Canadian Women for Women in Afghanistan, together with Human Rights Watch and Women Living Under Muslim Laws invite you to:
Gender Persecution in Afghanistan’s Education Crisis: proposing innovative responses from a human rights-based approach
With opening remarks from Farida Shaheed
UN Special Rapporteur on the Right to Education
A Parallel Session to the 67th
Innovation and technological change, and education in the digital age for achieving gender equality and the empowerment of all women and girls
Live Virtual Event
Wednesday March 15th, 2023 10 AM ET/4 PM CET/6:30 PM Kabul
via Zoom Link
Join us for this vital discussion looking at the complexities of Afghanistan’s deepening education crisis from a human rights perspective. Our session will address education as it links to the country’s wider humanitarian emergency and the erasure of women and girls from public life, which has led to the forced displacement of millions. Speakers will propose solutions and share advocacy that can protect the right to learn and enhance access to safe, inclusive and quality education for all, through digital innovation, regional collaboration, and humanitarian services.

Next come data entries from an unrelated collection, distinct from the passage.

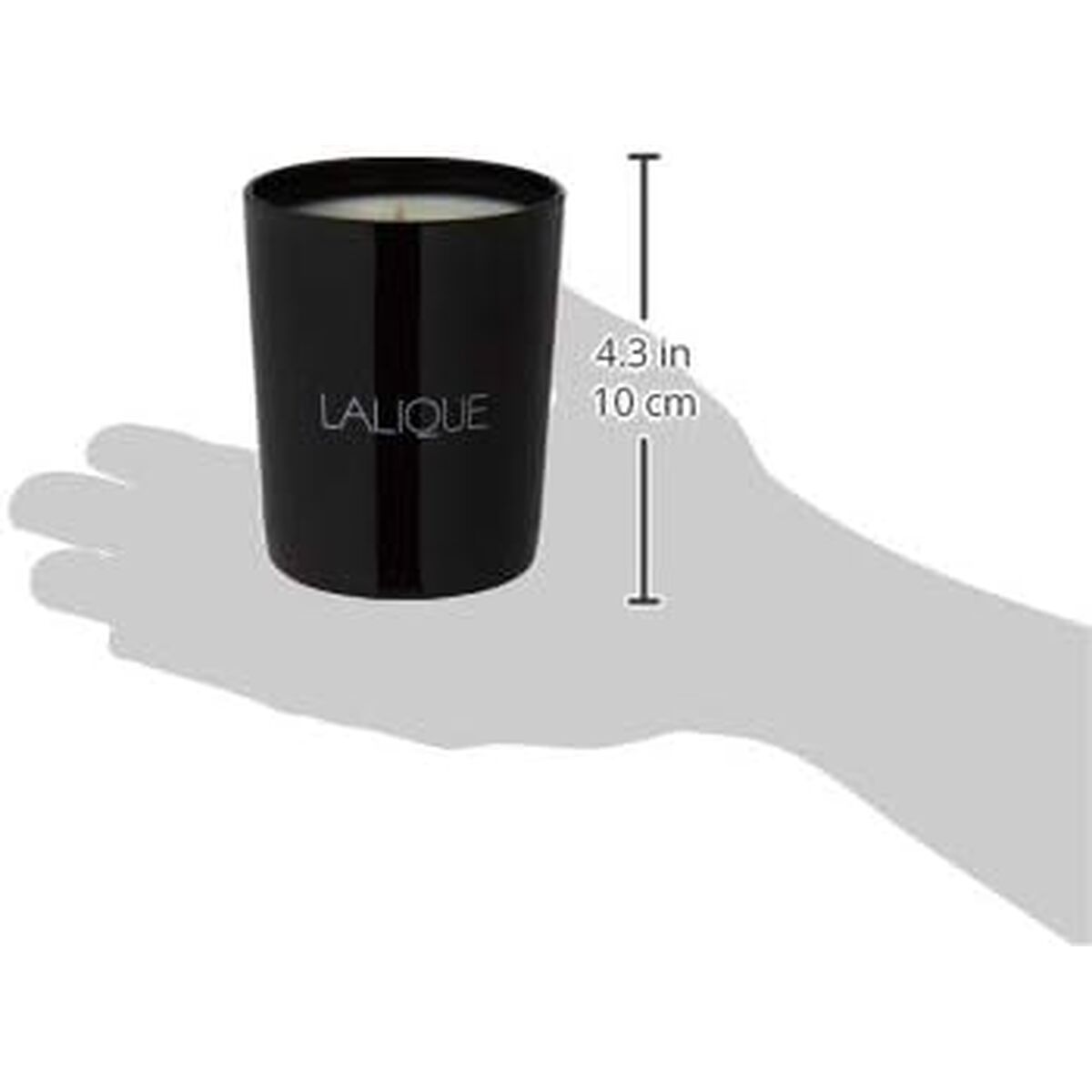 Scented Candle Lalique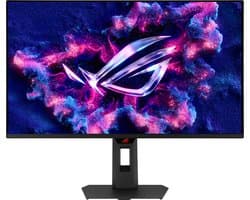 ASUS ROG Strix XG27UQDMS - 4K UHD QD-OLED Gaming Monitor - 240hz - 0.03ms - 27 inch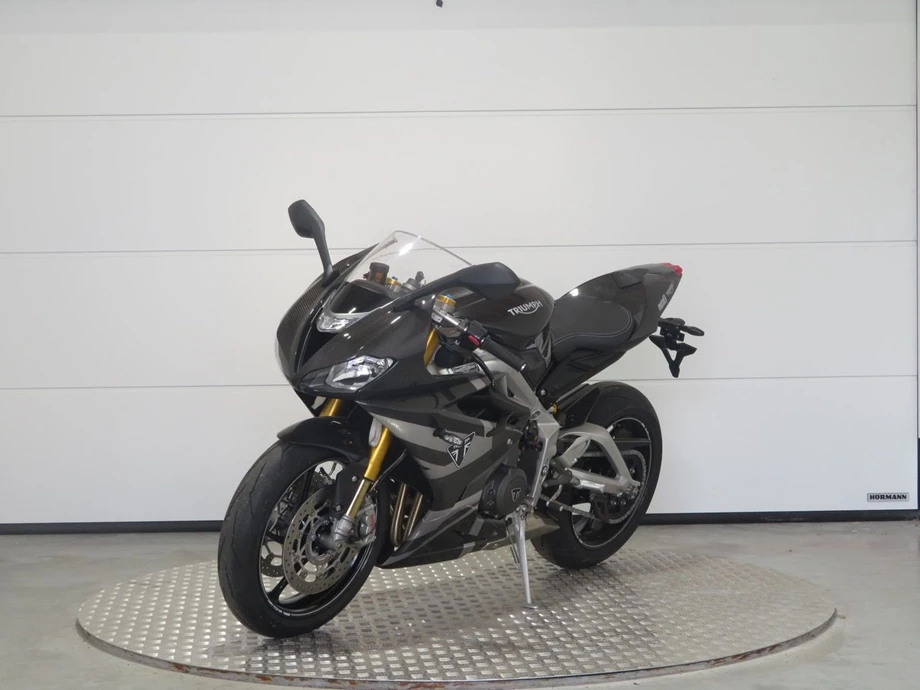 Angebot Triumph Daytona 765 Moto2 Bild 6: Angebot Triumph Daytona 765 Moto2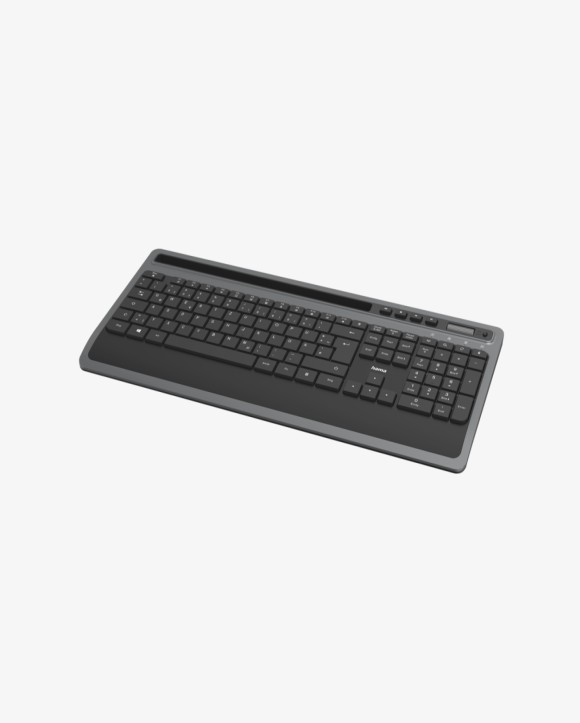 Մկնիկ և ստեղ․ Hama "KMW-600" Wireless Keyboard Black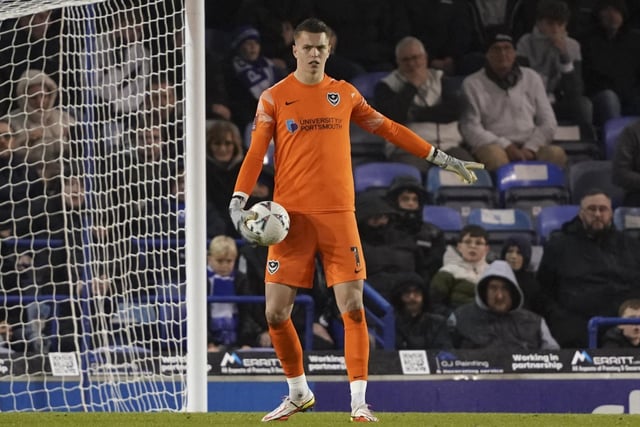 West Brom have indicated there’s a January recall, but will be happy with the keeper’s game time this term. Seen as a talent with a future at The Hawthorns.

Ms. Farida Shaheed, from Pakistan, was appointed Special Rapporteur on the right to education in 2022. She is the Executive Director of Pakistan’s leading gender justice organization, Shirkat Gah – Women’s Resource Centre. She is also an independent expert/consultant to numerous U.N., international and bi-lateral development agencies, the government of Pakistan, as well as civil society initiatives, and serves on multiple international and national advisory committees. She served as a member of Pakistan’s National Commission on the Status of Women, and as the first Special Rapporteur in the field of cultural rights
Emily Regan Wills
Emily Regan Wills is an associate professor of comparative politics in the School of Political Studies at the University of Ottawa. She co-directs the Community Mobilization in Crisis project, a member of the UNHCR-facilitated Connected Learning in Crisis Consortium, which develops and implements blended learning opportunities for refugee and host communities globally. Outside of work, she is active in LGBTQ+ refugee resettlement in Ottawa.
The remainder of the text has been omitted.